▸ **Task brief**
Only lines with the string "Street" are wanted. Pull them out of the data.

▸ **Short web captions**
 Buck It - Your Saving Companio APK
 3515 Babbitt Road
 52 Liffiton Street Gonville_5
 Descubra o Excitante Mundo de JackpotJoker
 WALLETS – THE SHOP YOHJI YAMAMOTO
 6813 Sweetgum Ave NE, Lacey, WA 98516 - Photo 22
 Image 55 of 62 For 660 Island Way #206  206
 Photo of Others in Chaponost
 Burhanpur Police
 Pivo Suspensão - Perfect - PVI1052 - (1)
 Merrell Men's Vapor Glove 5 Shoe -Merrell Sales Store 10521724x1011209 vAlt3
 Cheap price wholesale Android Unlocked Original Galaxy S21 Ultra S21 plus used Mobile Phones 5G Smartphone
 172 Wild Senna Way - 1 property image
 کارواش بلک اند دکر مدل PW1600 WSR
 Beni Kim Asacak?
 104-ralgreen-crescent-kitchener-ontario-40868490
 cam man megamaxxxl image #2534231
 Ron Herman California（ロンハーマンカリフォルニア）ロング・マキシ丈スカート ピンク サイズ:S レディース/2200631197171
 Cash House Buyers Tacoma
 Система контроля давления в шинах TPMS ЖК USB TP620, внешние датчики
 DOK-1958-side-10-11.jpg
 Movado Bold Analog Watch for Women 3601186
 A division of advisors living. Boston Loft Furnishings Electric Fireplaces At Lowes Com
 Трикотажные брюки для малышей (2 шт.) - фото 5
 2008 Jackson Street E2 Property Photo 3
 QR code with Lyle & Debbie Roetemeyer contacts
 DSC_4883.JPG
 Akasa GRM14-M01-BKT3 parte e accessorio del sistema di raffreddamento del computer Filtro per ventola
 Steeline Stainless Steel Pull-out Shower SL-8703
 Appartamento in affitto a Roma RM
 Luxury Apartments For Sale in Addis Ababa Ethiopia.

▸ **Your response**
 52 Liffiton Street Gonville_5
 2008 Jackson Street E2 Property Photo 3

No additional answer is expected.